Description of problem (please be detailed as possible and provide log snippets): In job template we are using the rook master tag in the init container in the product, we should read the rook version from the env and not use master or any specific version. https://github.com/red-hat-storage/ocs-operator/blob/release-4.9/controllers/storagecluster/job_templates.go#L165 We have this from the 4.9 when the templated was added. Version of all relevant components (if applicable): From 4.9 to the latest main Does this issue impact your ability to continue to work with the product (please explain in detail what is the user impact)? Is there any workaround available to the best of your knowledge? Rate from 1 - 5 the complexity of the scenario you performed that caused this bug (1 - very simple, 5 - very complex)? Can this issue reproducible? Can this issue reproduce from the UI? If this is a regression, please provide more details to justify this: Steps to Reproduce: 1. 2. 3. Actual results: Expected results: Additional info:
*** Bug 2135736 has been marked as a duplicate of this bug. ***
@shubam - 1) what would be the steps to verify this bug? 2) Do we need to add any new tests due to this change?

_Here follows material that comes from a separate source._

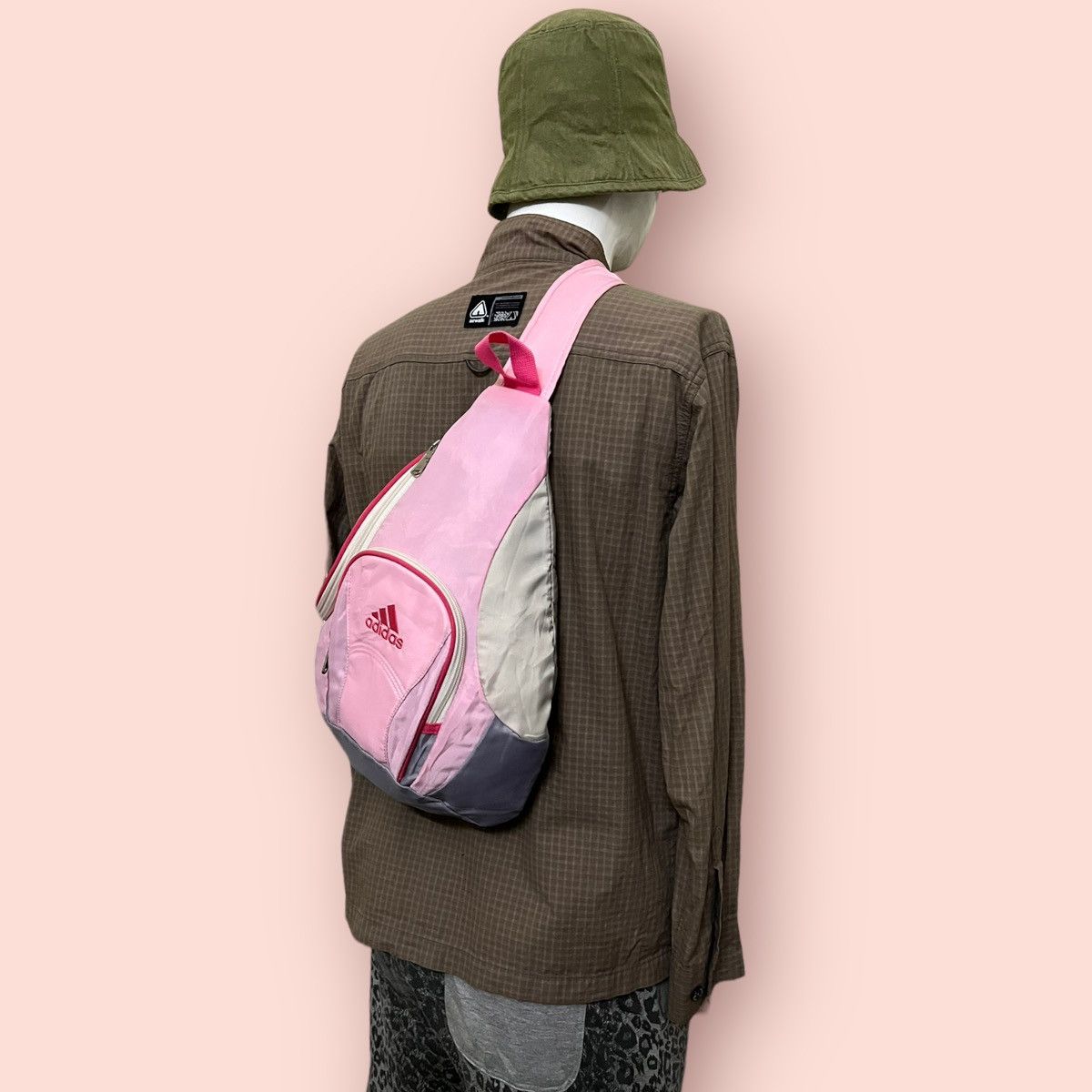 Adidas × Japanese Brand × Vintage VINTAGE ADIDAS PINK CROSSBODY BODYBAG Size ONE SIZE - 13 Thumbnail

I tested it with vSphere OCP 4.12 and ODF 4.12 dynamic cluster. The steps I did to reproduce the bug: 1. I deleted a disk from vSphere. 2. Check the osd status and observe the osd that is down: $ oc get pods -o wide | grep osd rook-ceph-osd-0-76748c9b6-vpwz9 2/2 Running 0 69m 10.130.2.22 compute-1 <none> <none> rook-ceph-osd-1-54749698d7-2jp48 1/2 CrashLoopBackOff 3 (41s ago) 69m 10.129.2.20 compute-0 <none> <none> rook-ceph-osd-2-99f58954-k42nk 2/2 Running 0 68m 10.128.2.20 compute-2 <none> <none> 3. I scaled the osd-1 deployment and deleted the osd-1 pod, as mentioned in the doc. 4. Run the "ocs-osd-removal" job, and see it completed successfully: $ oc get jobs NAME COMPLETIONS DURATION AGE ocs-osd-removal-job 1/1 11s 22s rook-ceph-osd-prepare-ocs-deviceset-0-data-0vbd6h 1/1 72s 76m rook-ceph-osd-prepare-ocs-deviceset-1-data-0269xm 1/1 40s 76m rook-ceph-osd-prepare-ocs-deviceset-2-data-0w6njt 0/1 1s 1s $ oc get pod -l job-name=ocs-osd-removal-job -n openshift-storage NAME READY STATUS RESTARTS AGE ocs-osd-removal-job-8b449 0/1 Completed 0 59s 5. Check the logs of the "ocs-osd-removal-job" $ oc logs ocs-osd-removal-job-8b449 2022-11-22 11:41:25.506021 I | rookcmd: starting Rook v4.12.0-0.e237b7ff0b9225db1a5f8a95dc50f9f8e2d55206 with arguments '/usr/local/bin/rook ceph osd remove --osd-ids=1 --force-osd-removal true' 2022-11-22 11:41:25.506069 I | rookcmd: flag values: --force-osd-removal=true, --help=false, --log-level=DEBUG, --operator-image=, --osd-ids=1, --preserve-pvc=false, --service-account= We can see that in the first line, the rook version is v4.12.0-0 without the master tag. additional info: Link to the Jenkins job: https://ocs4-jenkins-csb-odf-qe.apps.ocp-c1.prod.psi.redhat.com/job/qe-deploy-ocs-cluster/18259/ Versions: OC version: Client Version: 4.10.24 Server Version: 4.12.0-0.nightly-2022-11-22-012345 Kubernetes Version: v1.25.2+5533733 OCS verison: ocs-operator.v4.12.0-114.stable OpenShift Container Storage 4.12.0-114.stable Succeeded Cluster version NAME VERSION AVAILABLE PROGRESSING SINCE STATUS version 4.12.0-0.nightly-2022-11-22-012345 True False 6h44m Cluster version is 4.12.0-0.nightly-2022-11-22-012345 Rook version: rook: v4.12.0-0.e237b7ff0b9225db1a5f8a95dc50f9f8e2d55206 go: go1.18.7 Ceph version: ceph version 16.2.10-72.el8cp (3311949c2d1edf5cabcc20ba0f35b4bfccbf021e) pacific (stable)
According to the two comments above, I am moving the bug to Verified.